> **Task details**
Every line in the data must be transcribed exactly.

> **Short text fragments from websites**

-- Opening Marker --

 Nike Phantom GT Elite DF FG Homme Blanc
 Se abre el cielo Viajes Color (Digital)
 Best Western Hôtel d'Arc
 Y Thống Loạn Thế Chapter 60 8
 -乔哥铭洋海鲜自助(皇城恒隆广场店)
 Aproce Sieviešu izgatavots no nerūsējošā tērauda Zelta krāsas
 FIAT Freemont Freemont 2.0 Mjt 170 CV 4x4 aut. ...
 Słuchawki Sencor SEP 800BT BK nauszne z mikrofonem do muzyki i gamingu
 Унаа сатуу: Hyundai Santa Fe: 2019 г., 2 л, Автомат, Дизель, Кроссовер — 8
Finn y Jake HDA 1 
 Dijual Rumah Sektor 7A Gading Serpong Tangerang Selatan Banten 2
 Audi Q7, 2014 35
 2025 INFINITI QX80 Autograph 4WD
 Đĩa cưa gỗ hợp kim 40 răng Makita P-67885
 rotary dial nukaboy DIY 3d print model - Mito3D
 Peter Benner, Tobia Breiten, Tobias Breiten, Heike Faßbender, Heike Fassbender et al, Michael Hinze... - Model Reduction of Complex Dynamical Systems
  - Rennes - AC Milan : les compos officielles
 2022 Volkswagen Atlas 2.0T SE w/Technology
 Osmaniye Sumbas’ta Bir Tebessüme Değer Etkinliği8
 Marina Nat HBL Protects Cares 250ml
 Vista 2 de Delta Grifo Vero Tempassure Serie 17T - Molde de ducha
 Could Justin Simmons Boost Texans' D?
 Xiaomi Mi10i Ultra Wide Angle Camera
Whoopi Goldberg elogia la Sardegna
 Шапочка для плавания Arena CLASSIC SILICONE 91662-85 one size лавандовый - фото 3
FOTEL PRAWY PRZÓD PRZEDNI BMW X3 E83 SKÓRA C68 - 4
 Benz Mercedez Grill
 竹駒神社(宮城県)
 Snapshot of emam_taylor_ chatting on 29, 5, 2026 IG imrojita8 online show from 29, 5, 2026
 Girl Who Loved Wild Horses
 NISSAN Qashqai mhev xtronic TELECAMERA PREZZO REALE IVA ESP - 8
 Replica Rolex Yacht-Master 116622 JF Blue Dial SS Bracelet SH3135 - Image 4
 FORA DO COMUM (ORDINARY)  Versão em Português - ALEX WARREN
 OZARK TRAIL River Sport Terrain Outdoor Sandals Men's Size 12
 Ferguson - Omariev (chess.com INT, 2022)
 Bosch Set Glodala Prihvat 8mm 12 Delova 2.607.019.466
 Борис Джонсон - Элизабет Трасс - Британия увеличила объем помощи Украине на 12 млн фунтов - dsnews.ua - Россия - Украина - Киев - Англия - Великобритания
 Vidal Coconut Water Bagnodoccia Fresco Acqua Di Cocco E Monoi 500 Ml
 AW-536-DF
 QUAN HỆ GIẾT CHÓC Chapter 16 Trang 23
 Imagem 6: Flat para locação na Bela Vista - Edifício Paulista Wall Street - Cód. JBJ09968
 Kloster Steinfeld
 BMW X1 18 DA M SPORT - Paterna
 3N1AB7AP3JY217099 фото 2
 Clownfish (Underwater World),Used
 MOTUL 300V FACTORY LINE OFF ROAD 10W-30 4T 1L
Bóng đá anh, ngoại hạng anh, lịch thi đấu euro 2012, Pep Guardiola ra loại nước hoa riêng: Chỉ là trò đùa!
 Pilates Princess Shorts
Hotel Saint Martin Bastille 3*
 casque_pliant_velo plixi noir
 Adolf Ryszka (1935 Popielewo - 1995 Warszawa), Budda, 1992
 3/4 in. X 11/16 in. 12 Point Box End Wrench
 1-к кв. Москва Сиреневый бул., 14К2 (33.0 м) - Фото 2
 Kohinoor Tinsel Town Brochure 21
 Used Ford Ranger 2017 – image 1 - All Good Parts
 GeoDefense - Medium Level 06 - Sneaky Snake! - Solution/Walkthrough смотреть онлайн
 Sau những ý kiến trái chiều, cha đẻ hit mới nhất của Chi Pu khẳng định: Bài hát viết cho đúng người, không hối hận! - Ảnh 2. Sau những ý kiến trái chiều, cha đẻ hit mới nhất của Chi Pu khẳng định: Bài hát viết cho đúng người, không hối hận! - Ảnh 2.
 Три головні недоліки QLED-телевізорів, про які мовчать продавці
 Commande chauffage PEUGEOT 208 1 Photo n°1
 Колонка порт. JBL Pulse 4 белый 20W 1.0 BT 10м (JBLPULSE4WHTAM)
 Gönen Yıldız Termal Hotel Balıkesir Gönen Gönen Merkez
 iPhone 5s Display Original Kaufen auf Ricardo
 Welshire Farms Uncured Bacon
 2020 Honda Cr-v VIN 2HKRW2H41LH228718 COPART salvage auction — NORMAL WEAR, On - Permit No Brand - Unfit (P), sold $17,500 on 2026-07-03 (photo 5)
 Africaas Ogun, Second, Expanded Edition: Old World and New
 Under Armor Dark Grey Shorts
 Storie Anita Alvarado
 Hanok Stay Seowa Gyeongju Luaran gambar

-- Closing Marker --

> **Reply**
 Nike Phantom GT Elite DF FG Homme Blanc
 Se abre el cielo Viajes Color (Digital)
 Best Western Hôtel d'Arc
 Y Thống Loạn Thế Chapter 60 8
 -乔哥铭洋海鲜自助(皇城恒隆广场店)
 Aproce Sieviešu izgatavots no nerūsējošā tērauda Zelta krāsas
 FIAT Freemont Freemont 2.0 Mjt 170 CV 4x4 aut. ...
 Słuchawki Sencor SEP 800BT BK nauszne z mikrofonem do muzyki i gamingu
 Унаа сатуу: Hyundai Santa Fe: 2019 г., 2 л, Автомат, Дизель, Кроссовер — 8
Finn y Jake HDA 1 
 Dijual Rumah Sektor 7A Gading Serpong Tangerang Selatan Banten 2
 Audi Q7, 2014 35
 2025 INFINITI QX80 Autograph 4WD
 Đĩa cưa gỗ hợp kim 40 răng Makita P-67885
 rotary dial nukaboy DIY 3d print model - Mito3D
 Peter Benner, Tobia Breiten, Tobias Breiten, Heike Faßbender, Heike Fassbender et al, Michael Hinze... - Model Reduction of Complex Dynamical Systems
  - Rennes - AC Milan : les compos officielles
 2022 Volkswagen Atlas 2.0T SE w/Technology
 Osmaniye Sumbas’ta Bir Tebessüme Değer Etkinliği8
 Marina Nat HBL Protects Cares 250ml
 Vista 2 de Delta Grifo Vero Tempassure Serie 17T - Molde de ducha
 Could Justin Simmons Boost Texans' D?
 Xiaomi Mi10i Ultra Wide Angle Camera
Whoopi Goldberg elogia la Sardegna
 Шапочка для плавания Arena CLASSIC SILICONE 91662-85 one size лавандовый - фото 3
FOTEL PRAWY PRZÓD PRZEDNI BMW X3 E83 SKÓRA C68 - 4
 Benz Mercedez Grill
 竹駒神社(宮城県)
 Snapshot of emam_taylor_ chatting on 29, 5, 2026 IG imrojita8 online show from 29, 5, 2026
 Girl Who Loved Wild Horses
 NISSAN Qashqai mhev xtronic TELECAMERA PREZZO REALE IVA ESP - 8
 Replica Rolex Yacht-Master 116622 JF Blue Dial SS Bracelet SH3135 - Image 4
 FORA DO COMUM (ORDINARY)  Versão em Português - ALEX WARREN
 OZARK TRAIL River Sport Terrain Outdoor Sandals Men's Size 12
 Ferguson - Omariev (chess.com INT, 2022)
 Bosch Set Glodala Prihvat 8mm 12 Delova 2.607.019.466
 Борис Джонсон - Элизабет Трасс - Британия увеличила объем помощи Украине на 12 млн фунтов - dsnews.ua - Россия - Украина - Киев - Англия - Великобритания
 Vidal Coconut Water Bagnodoccia Fresco Acqua Di Cocco E Monoi 500 Ml
 AW-536-DF
 QUAN HỆ GIẾT CHÓC Chapter 16 Trang 23
 Imagem 6: Flat para locação na Bela Vista - Edifício Paulista Wall Street - Cód. JBJ09968
 Kloster Steinfeld
 BMW X1 18 DA M SPORT - Paterna
 3N1AB7AP3JY217099 фото 2
 Clownfish (Underwater World),Used
 MOTUL 300V FACTORY LINE OFF ROAD 10W-30 4T 1L
Bóng đá anh, ngoại hạng anh, lịch thi đấu euro 2012, Pep Guardiola ra loại nước hoa riêng: Chỉ là trò đùa!
 Pilates Princess Shorts
Hotel Saint Martin Bastille 3*
 casque_pliant_velo plixi noir
 Adolf Ryszka (1935 Popielewo - 1995 Warszawa), Budda, 1992
 3/4 in. X 11/16 in. 12 Point Box End Wrench
 1-к кв. Москва Сиреневый бул., 14К2 (33.0 м) - Фото 2
 Kohinoor Tinsel Town Brochure 21
 Used Ford Ranger 2017 – image 1 - All Good Parts
 GeoDefense - Medium Level 06 - Sneaky Snake! - Solution/Walkthrough смотреть онлайн
 Sau những ý kiến trái chiều, cha đẻ hit mới nhất của Chi Pu khẳng định: Bài hát viết cho đúng người, không hối hận! - Ảnh 2. Sau những ý kiến trái chiều, cha đẻ hit mới nhất của Chi Pu khẳng định: Bài hát viết cho đúng người, không hối hận! - Ảnh 2.
 Три головні недоліки QLED-телевізорів, про які мовчать продавці
 Commande chauffage PEUGEOT 208 1 Photo n°1
 Колонка порт. JBL Pulse 4 белый 20W 1.0 BT 10м (JBLPULSE4WHTAM)
 Gönen Yıldız Termal Hotel Balıkesir Gönen Gönen Merkez
 iPhone 5s Display Original Kaufen auf Ricardo
 Welshire Farms Uncured Bacon
 2020 Honda Cr-v VIN 2HKRW2H41LH228718 COPART salvage auction — NORMAL WEAR, On - Permit No Brand - Unfit (P), sold $17,500 on 2026-07-03 (photo 5)
 Africaas Ogun, Second, Expanded Edition: Old World and New
 Under Armor Dark Grey Shorts
 Storie Anita Alvarado
 Hanok Stay Seowa Gyeongju Luaran gambar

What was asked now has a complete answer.